Justifying the cost of the game in three seconds of play.

You know, thinking about it; if anyone ever made a Stealth game where you have to infiltrate an Insane Clown Posse concert and knock every Juggalo unconscious with the aid of cybernetics or magnets or other shit they can’t understand, I wouldn’t just buy the game, or the game’s deluxe edition, I’d name my firstborn child after it.

You’re welcome, KlowndownKommando Smith.

3 Comments on “When you’re a spy…

  1. “There is always a chance that the game will go Metal Gear Solid on me and will finish with a rambling diatribe about the Illuminati delivered by a traitor that I’d trusted that was also a computer, but somehow my ex-girlfriend…”

    You never played the original, did you?

    And I loved the original, by the way. It’s just that it… uh… came out around the same time as Metal Gear Solid, when those poorly written, sweeping conspiracy plots were still blowing minds.

  2. ““There is always a chance that the game will go Metal Gear Solid on me and will finish with a rambling diatribe about the Illuminati delivered by a traitor that I’d trusted that was also a computer, but somehow my ex-girlfriend…”

    You never played the original, did you?”

    It took a while coming… but let’s say all the usual suspects were in the line-up, but in a different order,.. for a crime I wasn’t suspecting.

    That crime… assisting me torture that metaphor.

    Did you know: One co-founder of Games Workshop is the president of Eidos?

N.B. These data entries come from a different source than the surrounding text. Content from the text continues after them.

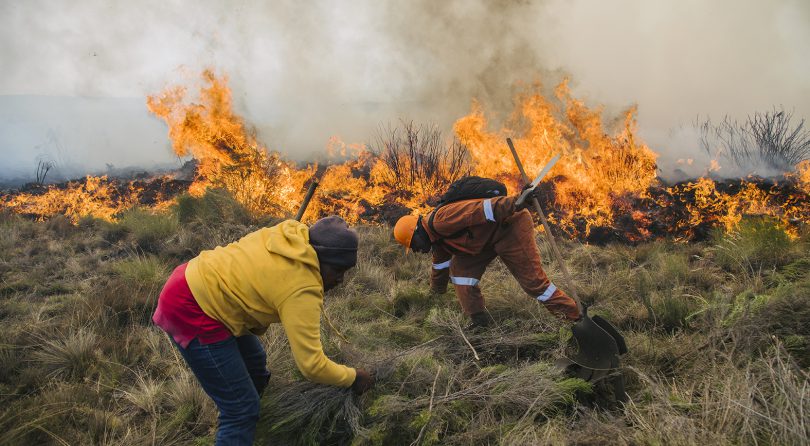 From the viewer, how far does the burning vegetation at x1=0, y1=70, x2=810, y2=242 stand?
7.34m

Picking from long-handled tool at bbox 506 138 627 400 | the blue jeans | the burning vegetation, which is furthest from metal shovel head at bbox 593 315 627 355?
the burning vegetation

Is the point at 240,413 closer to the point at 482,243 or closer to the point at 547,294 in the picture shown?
the point at 482,243

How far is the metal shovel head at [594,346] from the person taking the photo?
2.86 meters

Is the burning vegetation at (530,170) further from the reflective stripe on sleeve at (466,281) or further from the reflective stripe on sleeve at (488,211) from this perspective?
the reflective stripe on sleeve at (488,211)

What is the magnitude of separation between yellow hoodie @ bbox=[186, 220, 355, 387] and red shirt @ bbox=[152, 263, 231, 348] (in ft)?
0.17

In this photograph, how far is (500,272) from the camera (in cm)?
570

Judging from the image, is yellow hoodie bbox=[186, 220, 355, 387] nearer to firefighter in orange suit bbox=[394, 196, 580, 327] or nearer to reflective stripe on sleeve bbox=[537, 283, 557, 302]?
firefighter in orange suit bbox=[394, 196, 580, 327]

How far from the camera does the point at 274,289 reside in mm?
1985

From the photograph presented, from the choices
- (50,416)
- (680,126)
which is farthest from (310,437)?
(680,126)

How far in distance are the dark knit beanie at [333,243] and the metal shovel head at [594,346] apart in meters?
1.75

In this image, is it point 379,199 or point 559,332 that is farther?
point 379,199

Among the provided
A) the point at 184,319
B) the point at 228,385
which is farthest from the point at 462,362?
the point at 184,319

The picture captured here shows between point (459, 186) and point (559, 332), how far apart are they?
149 cm

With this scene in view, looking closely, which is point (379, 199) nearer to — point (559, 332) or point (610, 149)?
point (610, 149) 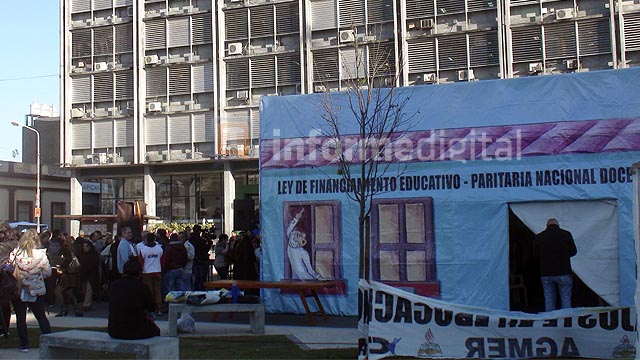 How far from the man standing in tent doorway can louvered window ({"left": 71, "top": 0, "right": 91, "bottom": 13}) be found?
36.9 meters

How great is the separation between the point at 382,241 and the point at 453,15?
24047 mm

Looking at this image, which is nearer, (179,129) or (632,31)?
(632,31)

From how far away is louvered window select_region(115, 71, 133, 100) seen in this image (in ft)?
135

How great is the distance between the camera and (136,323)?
8211 mm

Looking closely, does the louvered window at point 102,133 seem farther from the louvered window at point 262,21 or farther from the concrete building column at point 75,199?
the louvered window at point 262,21

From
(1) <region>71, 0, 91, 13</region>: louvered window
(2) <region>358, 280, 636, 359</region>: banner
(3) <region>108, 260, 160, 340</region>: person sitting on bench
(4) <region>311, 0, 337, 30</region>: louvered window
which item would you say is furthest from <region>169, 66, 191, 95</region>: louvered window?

  3. Having finished the game – it has an… unusual final level – I can now say a little bit more to the character of Adam Jensen and I suppose, the writing of the dialogue.

    There are four possible outcomes to the game, each one narrated by Jensen, explaining his decisions and approach. For completion’s sake, I experienced each one. As he is narrating each outcome (each quite different and bolstered by a different argument), I found myself thinking, yeah, that’s right, you’re spot on there Jensen.

    Then I’d play the next outcome and think, no, wait, he makes a good point there, that’s the right one. And so on.

    I suppose it says something of the integrity of the character and the way that he is presented throughout the game, that I think of him as reliable.

    Also, the boss fights become much easier when you have figured out the best way to handle them. I’ll tell you if you ask me.

    Anyway, as I said, I’ve finished this. Anyone who wants to borrow it is welcome to it. You’ll have fun, I think.